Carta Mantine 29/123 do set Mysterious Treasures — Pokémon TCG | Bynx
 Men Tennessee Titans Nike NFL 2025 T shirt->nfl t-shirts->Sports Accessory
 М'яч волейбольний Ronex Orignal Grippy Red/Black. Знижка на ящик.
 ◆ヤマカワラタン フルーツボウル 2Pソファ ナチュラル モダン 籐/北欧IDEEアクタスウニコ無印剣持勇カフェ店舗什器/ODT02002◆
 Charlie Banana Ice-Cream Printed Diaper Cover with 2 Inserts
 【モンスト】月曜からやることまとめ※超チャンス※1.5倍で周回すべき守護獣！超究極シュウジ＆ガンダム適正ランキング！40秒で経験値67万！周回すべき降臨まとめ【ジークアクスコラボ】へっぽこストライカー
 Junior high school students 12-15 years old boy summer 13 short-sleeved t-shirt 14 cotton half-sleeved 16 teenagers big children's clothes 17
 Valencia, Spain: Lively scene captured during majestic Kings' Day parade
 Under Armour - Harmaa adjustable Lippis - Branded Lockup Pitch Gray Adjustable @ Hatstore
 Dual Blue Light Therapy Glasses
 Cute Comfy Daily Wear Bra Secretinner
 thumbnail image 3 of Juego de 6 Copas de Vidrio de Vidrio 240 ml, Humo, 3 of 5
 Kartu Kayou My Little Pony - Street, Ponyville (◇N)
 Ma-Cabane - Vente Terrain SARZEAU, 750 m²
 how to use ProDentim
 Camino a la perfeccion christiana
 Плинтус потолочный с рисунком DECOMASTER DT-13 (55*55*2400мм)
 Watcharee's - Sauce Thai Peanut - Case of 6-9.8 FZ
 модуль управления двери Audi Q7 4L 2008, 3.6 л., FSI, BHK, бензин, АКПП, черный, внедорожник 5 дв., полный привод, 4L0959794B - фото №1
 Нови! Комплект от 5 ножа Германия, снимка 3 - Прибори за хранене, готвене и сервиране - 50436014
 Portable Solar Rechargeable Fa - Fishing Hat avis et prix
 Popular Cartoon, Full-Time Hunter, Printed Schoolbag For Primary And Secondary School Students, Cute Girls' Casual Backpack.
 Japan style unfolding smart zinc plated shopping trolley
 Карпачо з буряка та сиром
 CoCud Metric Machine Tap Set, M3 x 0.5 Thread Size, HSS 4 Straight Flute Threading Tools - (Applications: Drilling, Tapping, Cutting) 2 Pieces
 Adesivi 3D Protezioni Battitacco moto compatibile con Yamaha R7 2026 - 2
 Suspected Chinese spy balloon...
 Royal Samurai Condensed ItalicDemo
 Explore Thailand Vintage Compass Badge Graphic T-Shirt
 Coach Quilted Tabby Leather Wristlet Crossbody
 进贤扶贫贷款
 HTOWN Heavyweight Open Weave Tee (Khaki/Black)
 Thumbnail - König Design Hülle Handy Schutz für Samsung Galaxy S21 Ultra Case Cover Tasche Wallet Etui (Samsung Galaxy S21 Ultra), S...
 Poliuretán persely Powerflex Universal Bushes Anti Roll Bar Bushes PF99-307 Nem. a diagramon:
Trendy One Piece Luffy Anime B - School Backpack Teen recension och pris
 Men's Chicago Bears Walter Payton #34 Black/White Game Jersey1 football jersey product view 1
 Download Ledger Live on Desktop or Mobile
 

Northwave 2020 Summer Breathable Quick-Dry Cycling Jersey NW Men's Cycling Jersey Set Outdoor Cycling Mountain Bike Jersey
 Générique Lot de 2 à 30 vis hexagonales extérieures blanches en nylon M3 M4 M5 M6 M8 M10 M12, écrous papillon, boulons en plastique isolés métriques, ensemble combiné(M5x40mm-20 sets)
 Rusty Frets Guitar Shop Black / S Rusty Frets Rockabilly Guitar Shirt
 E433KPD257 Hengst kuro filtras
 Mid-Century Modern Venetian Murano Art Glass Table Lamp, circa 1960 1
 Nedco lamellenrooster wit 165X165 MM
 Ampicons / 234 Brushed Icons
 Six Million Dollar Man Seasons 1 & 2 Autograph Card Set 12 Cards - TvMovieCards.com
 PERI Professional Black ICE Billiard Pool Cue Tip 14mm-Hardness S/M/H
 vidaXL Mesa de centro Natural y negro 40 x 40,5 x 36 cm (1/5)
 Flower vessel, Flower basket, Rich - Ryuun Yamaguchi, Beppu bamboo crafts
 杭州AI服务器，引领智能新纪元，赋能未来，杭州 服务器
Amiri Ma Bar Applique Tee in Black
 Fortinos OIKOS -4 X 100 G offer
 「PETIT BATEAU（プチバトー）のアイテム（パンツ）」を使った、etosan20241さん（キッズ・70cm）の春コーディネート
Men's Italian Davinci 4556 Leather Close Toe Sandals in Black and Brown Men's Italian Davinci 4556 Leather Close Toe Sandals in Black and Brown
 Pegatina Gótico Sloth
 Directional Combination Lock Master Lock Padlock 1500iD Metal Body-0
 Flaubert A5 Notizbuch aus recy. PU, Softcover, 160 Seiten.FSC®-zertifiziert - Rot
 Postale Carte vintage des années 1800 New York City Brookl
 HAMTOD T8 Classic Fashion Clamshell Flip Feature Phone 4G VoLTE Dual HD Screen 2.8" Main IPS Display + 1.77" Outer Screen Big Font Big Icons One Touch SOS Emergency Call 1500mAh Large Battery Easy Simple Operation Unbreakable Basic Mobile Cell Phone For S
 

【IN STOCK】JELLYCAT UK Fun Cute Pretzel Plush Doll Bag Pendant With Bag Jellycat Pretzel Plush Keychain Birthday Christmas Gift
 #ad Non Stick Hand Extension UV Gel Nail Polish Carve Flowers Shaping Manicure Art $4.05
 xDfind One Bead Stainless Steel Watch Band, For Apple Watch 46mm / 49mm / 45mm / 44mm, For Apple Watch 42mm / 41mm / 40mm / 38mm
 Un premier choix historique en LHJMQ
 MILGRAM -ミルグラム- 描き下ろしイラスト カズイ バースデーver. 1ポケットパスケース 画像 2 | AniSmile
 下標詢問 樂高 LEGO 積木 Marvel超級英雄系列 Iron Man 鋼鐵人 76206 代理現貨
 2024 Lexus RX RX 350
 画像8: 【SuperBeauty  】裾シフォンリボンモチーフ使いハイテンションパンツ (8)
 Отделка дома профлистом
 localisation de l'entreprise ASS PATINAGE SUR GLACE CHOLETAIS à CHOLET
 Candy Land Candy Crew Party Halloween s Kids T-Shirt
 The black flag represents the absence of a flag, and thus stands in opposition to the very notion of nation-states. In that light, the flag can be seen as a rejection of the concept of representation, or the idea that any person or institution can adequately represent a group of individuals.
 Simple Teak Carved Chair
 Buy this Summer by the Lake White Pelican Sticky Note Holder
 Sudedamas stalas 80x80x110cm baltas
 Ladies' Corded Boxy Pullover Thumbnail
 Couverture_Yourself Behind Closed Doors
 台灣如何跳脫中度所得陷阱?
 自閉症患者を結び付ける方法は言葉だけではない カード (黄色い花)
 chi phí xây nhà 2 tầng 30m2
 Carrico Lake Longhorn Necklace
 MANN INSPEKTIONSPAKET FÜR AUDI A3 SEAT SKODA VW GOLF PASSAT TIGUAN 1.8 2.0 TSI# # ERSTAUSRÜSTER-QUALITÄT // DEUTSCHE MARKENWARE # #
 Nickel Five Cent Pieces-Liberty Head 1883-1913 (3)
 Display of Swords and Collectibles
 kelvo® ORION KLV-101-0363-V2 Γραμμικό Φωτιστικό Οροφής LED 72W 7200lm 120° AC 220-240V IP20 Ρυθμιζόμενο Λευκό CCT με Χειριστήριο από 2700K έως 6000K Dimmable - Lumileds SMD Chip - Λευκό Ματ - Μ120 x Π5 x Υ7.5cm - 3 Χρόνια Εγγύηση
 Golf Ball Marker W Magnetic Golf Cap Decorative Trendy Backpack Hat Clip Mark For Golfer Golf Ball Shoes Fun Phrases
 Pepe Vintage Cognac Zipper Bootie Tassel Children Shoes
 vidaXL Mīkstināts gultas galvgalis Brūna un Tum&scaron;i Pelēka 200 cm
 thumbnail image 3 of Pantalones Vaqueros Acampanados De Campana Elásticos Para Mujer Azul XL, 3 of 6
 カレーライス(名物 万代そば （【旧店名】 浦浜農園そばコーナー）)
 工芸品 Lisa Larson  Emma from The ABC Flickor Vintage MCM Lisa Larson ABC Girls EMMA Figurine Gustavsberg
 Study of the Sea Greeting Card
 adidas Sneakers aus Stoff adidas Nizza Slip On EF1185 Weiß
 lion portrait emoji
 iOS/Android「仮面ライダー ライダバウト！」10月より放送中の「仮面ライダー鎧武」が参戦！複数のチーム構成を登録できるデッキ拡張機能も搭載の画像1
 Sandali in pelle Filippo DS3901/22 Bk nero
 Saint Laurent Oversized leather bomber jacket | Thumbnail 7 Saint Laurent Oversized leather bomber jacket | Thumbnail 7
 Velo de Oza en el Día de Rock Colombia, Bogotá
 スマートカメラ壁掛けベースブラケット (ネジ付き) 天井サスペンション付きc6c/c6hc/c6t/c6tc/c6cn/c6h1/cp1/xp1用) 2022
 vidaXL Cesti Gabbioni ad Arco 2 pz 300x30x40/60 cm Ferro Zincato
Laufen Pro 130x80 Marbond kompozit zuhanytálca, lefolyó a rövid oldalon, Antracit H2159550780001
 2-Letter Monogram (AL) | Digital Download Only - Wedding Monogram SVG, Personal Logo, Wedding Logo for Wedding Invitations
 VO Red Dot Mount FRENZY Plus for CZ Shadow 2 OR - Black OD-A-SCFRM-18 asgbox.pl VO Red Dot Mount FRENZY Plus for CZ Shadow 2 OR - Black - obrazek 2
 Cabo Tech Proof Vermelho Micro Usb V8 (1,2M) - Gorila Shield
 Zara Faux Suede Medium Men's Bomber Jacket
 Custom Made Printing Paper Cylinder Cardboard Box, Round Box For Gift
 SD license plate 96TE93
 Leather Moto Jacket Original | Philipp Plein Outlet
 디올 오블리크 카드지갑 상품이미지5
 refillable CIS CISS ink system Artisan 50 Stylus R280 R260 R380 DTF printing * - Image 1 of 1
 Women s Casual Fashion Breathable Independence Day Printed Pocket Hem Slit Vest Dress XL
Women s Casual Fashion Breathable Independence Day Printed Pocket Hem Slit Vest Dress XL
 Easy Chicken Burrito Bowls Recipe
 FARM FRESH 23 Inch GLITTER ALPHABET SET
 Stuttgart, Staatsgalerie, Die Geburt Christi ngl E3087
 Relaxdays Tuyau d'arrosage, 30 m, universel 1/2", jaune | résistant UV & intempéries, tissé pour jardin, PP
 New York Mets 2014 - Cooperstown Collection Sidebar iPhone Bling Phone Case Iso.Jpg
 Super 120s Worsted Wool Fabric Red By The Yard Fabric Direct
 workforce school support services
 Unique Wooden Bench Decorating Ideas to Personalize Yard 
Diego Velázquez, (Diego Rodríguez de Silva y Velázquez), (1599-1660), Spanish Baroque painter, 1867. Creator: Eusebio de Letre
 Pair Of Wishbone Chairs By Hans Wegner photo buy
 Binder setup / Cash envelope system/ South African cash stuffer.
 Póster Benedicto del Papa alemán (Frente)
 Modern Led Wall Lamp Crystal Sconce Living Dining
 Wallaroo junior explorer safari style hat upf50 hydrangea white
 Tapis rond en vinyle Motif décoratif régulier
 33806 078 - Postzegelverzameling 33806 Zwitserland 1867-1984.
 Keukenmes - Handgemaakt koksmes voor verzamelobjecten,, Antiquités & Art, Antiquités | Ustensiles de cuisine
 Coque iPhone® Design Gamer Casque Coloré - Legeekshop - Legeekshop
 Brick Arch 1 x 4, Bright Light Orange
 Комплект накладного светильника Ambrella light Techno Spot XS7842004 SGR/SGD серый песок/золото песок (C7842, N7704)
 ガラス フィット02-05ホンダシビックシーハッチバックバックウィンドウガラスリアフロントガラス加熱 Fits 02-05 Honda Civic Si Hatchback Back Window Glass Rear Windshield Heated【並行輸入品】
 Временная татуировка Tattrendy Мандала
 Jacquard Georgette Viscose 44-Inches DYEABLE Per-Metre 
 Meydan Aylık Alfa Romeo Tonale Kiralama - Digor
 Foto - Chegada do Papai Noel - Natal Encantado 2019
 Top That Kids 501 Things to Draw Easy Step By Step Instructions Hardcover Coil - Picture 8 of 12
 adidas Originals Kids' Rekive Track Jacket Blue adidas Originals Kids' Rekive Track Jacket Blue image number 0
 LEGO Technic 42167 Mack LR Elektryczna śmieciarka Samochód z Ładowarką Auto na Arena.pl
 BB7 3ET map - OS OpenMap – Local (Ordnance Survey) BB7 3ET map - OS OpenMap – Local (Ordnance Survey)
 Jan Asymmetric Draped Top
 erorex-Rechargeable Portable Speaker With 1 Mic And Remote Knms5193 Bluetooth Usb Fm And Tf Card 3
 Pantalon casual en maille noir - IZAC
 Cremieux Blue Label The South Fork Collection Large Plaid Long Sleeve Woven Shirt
--------------------
■ Try it: Wherever the string "Large" turns up in the material, copy the whole line.

■ Answer for the task:
 HAMTOD T8 Classic Fashion Clamshell Flip Feature Phone 4G VoLTE Dual HD Screen 2.8" Main IPS Display + 1.77" Outer Screen Big Font Big Icons One Touch SOS Emergency Call 1500mAh Large Battery Easy Simple Operation Unbreakable Basic Mobile Cell Phone For S
 Cremieux Blue Label The South Fork Collection Large Plaid Long Sleeve Woven Shirt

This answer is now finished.